Stephanie Dorisca {BSO}
A federal jury found a Coral Springs woman guilty of conspiracy to commit wire fraud as part of a college diploma-mill scheme she helped run while serving as director of a South Florida nursing school program, authorities said.
Stephanie Dorisca, 57, was convicted of conspiracy to commit wire fraud and multiple counts of wire fraud earlier this month during a trial in federal court in Fort Lauderdale, according to court records.
Dorisca, formerly the head of nursing at Techni-Pro Institute, a nursing school in Boca Raton, conspired with the institute’s owner and school recruiters in a scheme that netted millions of dollars from the sale of around 1,000 falsified college nursing diplomas, which were sold to nursing students recruited by the school from out of state, according to federal prosecutors.
Dorisca and her co-conspirators also sold phony educational transcripts to the nursing students they targeted for recruitment, along with other fake credentials.
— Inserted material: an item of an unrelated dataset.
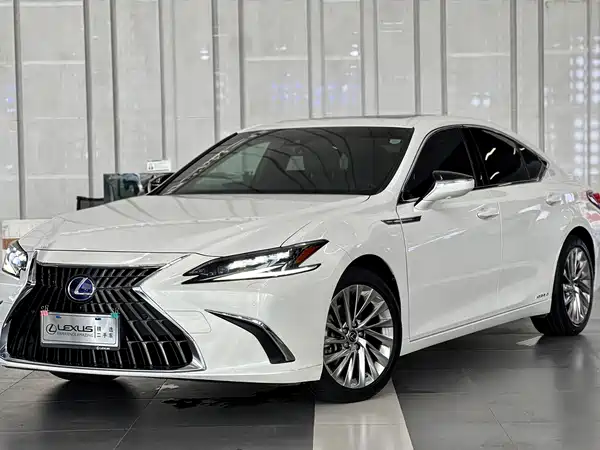 Lexus ES 2022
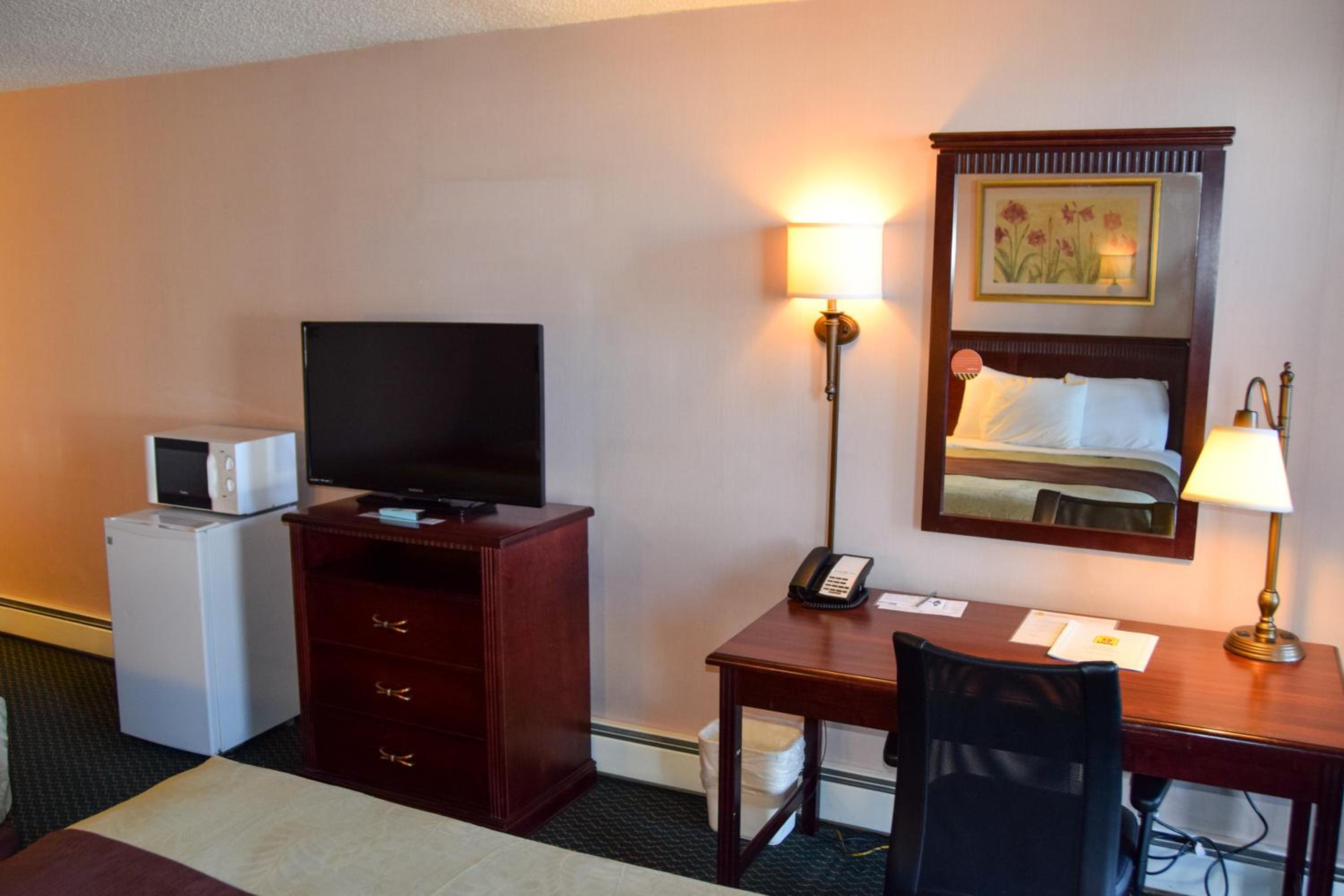 Queen Room with Two Queen Beds - Non-Smoking - Photo 2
Later, they helped the students fraudulently obtain licensure and employment in the healthcare field, prosecutors said.
Fraudulent documents sold to the students showed they “had completed the necessary courses and/or clinical training at Techni-Pro to obtain nursing degrees, when in fact the purchasers had never completed the necessary courses and/or clinical training,” according to court records.
Techni-Pro offered college degrees in Practical Nursing, Associate of Science in Nursing, and Registered Nurse to Bachelor of Science programs.
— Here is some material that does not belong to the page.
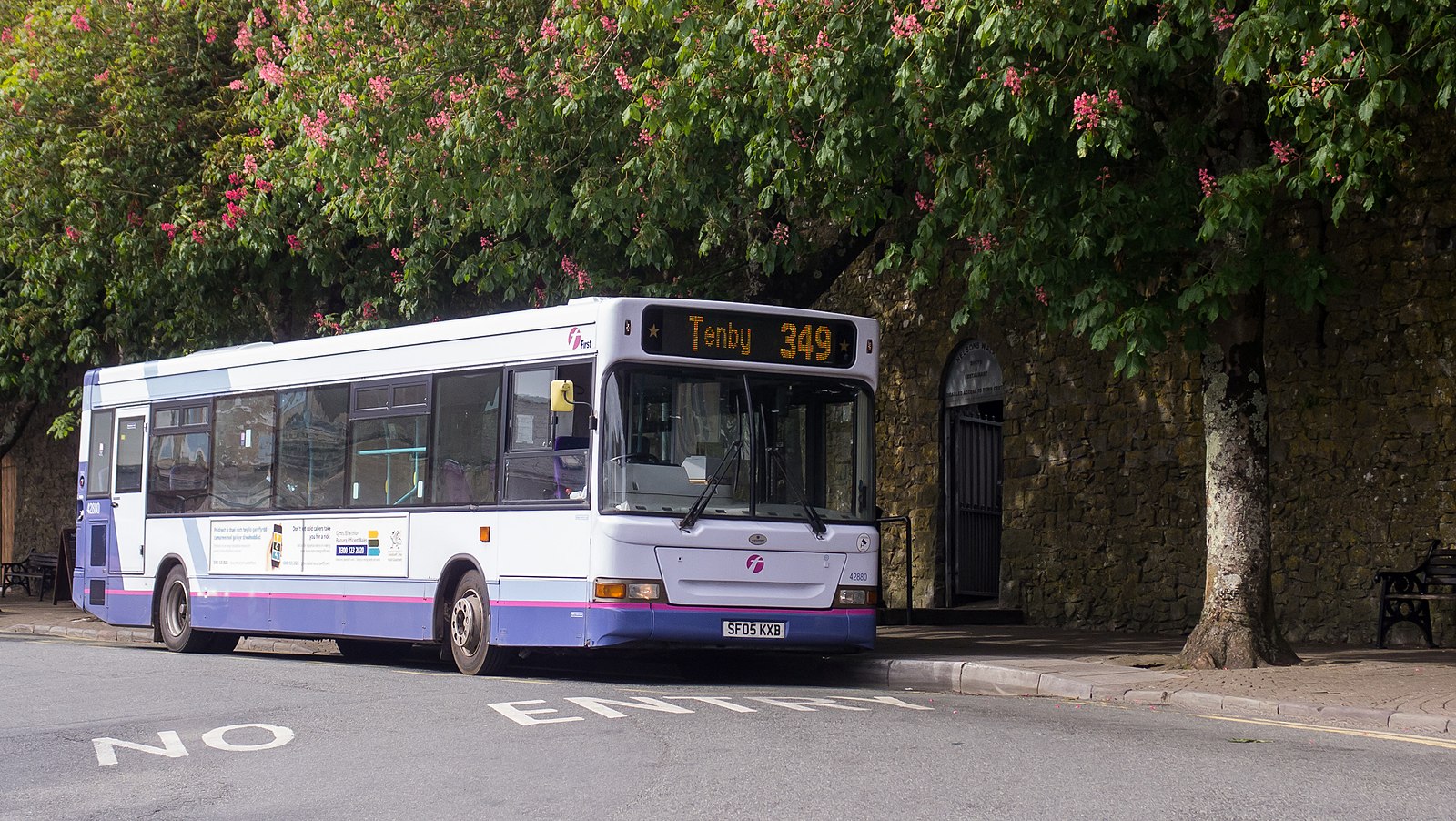 First Cymru bus 349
Under state law, Florida nursing programs must devote at least 50% of their curriculum to hands-on clinical training, in addition to academic coursework, for a practical nursing education program, an associate degree in professional nursing program, or a professional diploma in nursing education program.
The scheme executed by Dorisca and her conspirators helped students skip that vital training and coursework, authorities said.
Dorisca faces up to 20 years in prison at sentencing.
Her conviction was part of a sprawling crackdown by federal authorities known as “Operation Nightingale,” which targeted several dozen private, for-profit nursing schools across South Florida. Owners and employees of those schools were caught peddling phony college diplomas and other fake credentials to would-be nurses looking to enter the profession.
The cases brought by prosecutors highlighted “the purpose of a professional nursing licensure: protecting the public from harm by ensuring that only qualified and competent practitioners provide nursing care … nursing is a profession that, if practiced by unprepared or unqualified individuals, poses a serious risk to public health and safety,” the U.S. Attorney’s Office said in a written statement.
According to the Miami Herald, in total, the diploma mill conspirators prosecuted by the government sold about 15,000 fake diplomas, at $10,000 to $20,000 per diploma, netting criminals a total of more than $220 million for falsified degrees and transcripts.
All of the nursing schools targeted by the government have since closed, prosecutors said.